South Africans are about to be hit by high food prices
South African consumers are about to be hit by high food prices this festive season because of the lingering effects of drought, Agri SA warned on Friday.
It said things would get tougher due to the recent drought that hit large parts of the country and affected food production in provinces such as the Eastern Cape, Western Cape, and Northern Cape.
Christo van der Rheede, deputy executive director at Agri SA, said: “No one wants to see consumers suffering at the end of the day but there are certain factors like the avian flu, the drought, increases in petrol and diesel prices and also the increases that Eskom is proposing. “All of these things impact on the farmer’s ability to farm profitably.”
He said meat prices had already increased as a result of the drought as lots of farmers lost livestock, particularly in the Eastern Cape where cattle and sheep were severely affected.
Already, South Africa has witnessed an average increase in meat prices of 15.5%, while milk, cheese, and eggs increased by 2.7%, the last also attributed to avian flu.
Drought in the Western Cape has also affected wine prices by 7.2%.
However, grain products such as bread will become a little bit cheaper due to the surplus of maize, and some fruit-producing provinces such as Mpumalanga, Limpopo, and KwaZulu-Natal will also have lower prices.
Van der Rheede said the Land Bank might have to step in and assist some farmers through loans to mitigate the situation.
He called on the government not to impose unnecessary burdens on farmers.
“It’s critical that government comes on board. Remember, agriculture is the basis for all the other sectors,” he said.

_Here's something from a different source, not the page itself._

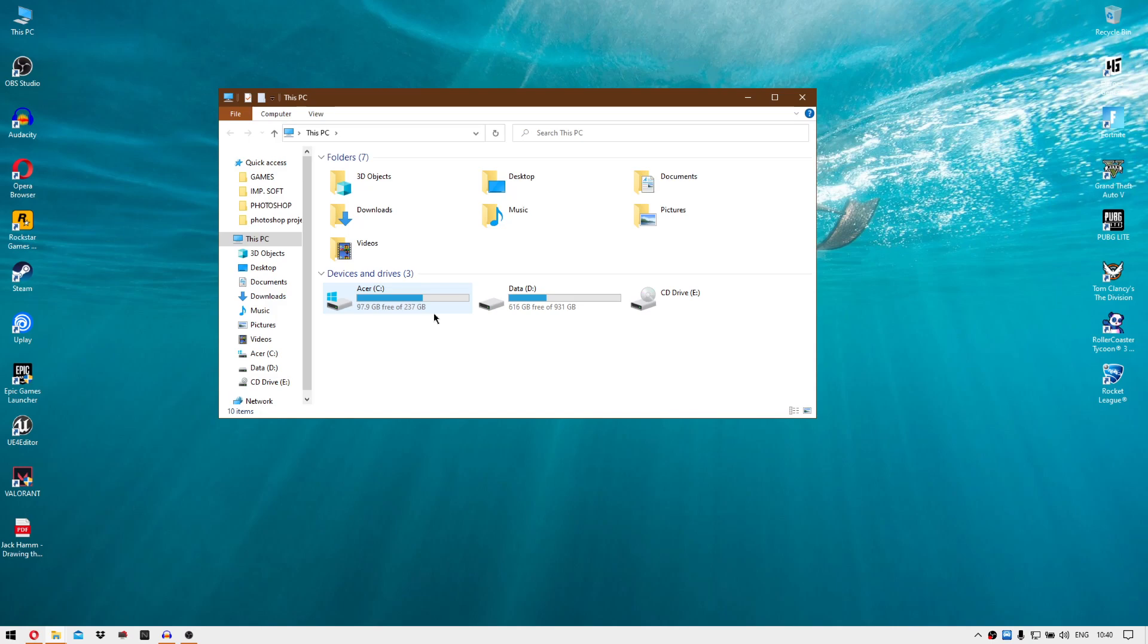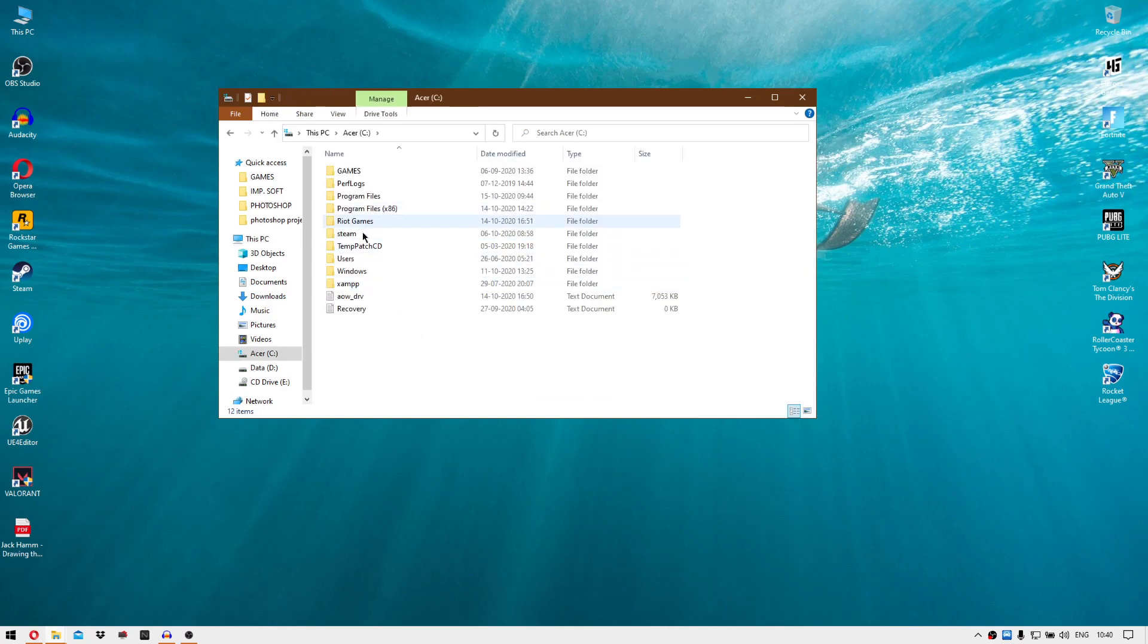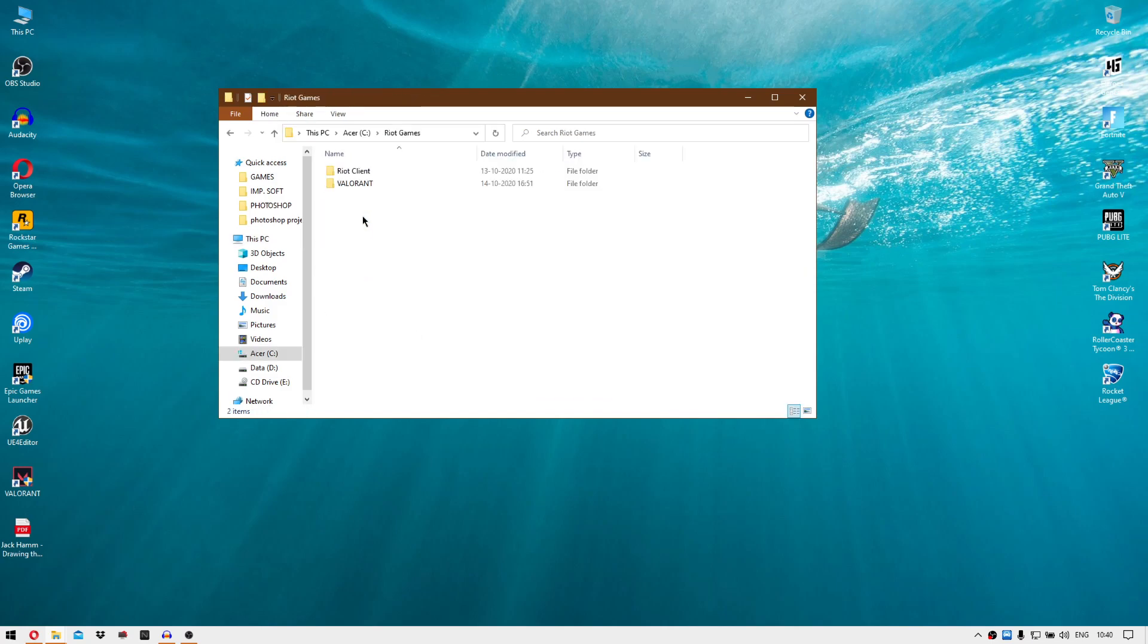So what I did, I just installed the game on my D drive and I was having this error. And then I just moved that Valorant to my C drive where I got my Riot Client, Valorant in the same folder.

Hamlet Hlomendlini, chief economist at Agri SA, said the livestock industry would take between three to five years to recover from drought which meant that farmers have to cut down significantly on slaughtering.
“Farmers are building their herds because they have to recover.
“So, it means if there is no slaughtering, the supply of meat in South African is much less.
“If the supply of meat is less, the demand by consumers wanting more meat is more. So we got less supply and great demand.
“That pushes up the prices of meat. That is what is happening at the moment,” Hlomendlini said.
He said that in the poultry industry, the situation was worsened by imports that were not cheap, resulting in meat inflation remaining high for the consumer.
He said businesses were not doing well also due to uncertainty with the rand and the possibility of downgrades by the rating agencies.
“You are going to see consumers having to pay a lot for food and fuel,” Hlomendlini said.